Globally, the YPO Global Pulse Index for the first quarter of 2017 edged up 0.3 point to 62.5, its highest level since January 2015. For the second consecutive quarter, the United States reported the highest level of confidence in the world, inching up 0.3 point to 64.9. Confidence in Asia climbed 2.1 points to land at 63.3, its highest level since April 2015. Africa is the second-least confident region globally, edging down 0.3 point to 54.4. Elsewhere, confidence in Latin America dropped by 1.2 points to 57.1, while confidence in the Middle East and North Africa (MENA) region showed the biggest decline, sliding 4.3 points to 55.2.
Key findings in the EU
Brighter outlook on short-term economic conditions
When asked to assess the economic landscape over the next six months, almost half (49%) of EU chief executives believed that conditions would improve, whilst 42% felt that there would be little or no change. Only 9% expected the economic landscape to deteriorate over the next six months. This was a more positive outlook than in the previous survey, conducted in January, when only 40% predicted an improvement and 13% predicted a deterioration in the economic climate over the following six months.
Sales forecasts improve, but hiring and fixed investment forecasts downgraded
EU business leaders remained optimistic about the prospects for revenue growth within their own organisations over the next 12 months. The YPO Sales Confidence Index edged up 0.4 point to 66.9, as nearly two-thirds of CEOs (64%) predicted increased revenue in 2017, compared with only 5% who predicted a decline in sales.
However, business leaders were less optimistic when it came to their hiring intentions.
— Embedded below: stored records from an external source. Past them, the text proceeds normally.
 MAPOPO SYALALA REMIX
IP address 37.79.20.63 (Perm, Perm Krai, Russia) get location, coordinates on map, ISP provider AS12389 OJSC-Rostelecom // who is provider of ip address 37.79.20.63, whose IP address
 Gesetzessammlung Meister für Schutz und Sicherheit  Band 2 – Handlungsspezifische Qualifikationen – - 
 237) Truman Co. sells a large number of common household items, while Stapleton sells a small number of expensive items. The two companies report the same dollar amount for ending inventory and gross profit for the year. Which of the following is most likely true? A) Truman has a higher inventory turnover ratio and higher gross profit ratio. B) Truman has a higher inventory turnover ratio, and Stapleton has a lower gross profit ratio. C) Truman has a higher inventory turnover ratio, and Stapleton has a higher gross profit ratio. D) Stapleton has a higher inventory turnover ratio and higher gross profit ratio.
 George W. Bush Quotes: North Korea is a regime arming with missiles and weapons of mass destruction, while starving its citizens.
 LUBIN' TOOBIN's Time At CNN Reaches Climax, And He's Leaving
The majority (70%) expected the size of their workforce to remain unchanged over the next 12 months, while 26% expected to increase headcount, and 4% expected to cut staff numbers.
The majority (57%) of CEOs also expected fixed investment levels to remain flat over the next year, while38% expected to increase fixed investment, and 5% predicted a decline.
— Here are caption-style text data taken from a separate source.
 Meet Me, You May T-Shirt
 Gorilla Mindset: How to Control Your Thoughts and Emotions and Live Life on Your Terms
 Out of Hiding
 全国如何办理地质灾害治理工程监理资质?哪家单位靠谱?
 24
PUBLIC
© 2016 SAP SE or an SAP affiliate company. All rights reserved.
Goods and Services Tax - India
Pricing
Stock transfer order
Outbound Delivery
Confidence slumps in France
Business leaders in France were less optimistic during the quarter under review, amid growing uncertainty surrounding the country's presidential election and the potential for significant shifts in economic policy.
More than a quarter (29%) of French CEOs stated that economic conditions had deteriorated in the previous six months, a significant increase on the previous survey, when only 11% reported worsening conditions.
French business leaders were also notably more cautious about the prospects for their own organisations in the next 12 months. Only 29% predicted increased revenue, down from 66% in the previous quarter. As few as 7% predicted increased headcount, down from 40% in the January survey, and only 29% expected to boost fixed investment levels, down from 55%. The majority of French CEOs expected revenue, employment numbers and fixed investment levels to remain flat over the next year.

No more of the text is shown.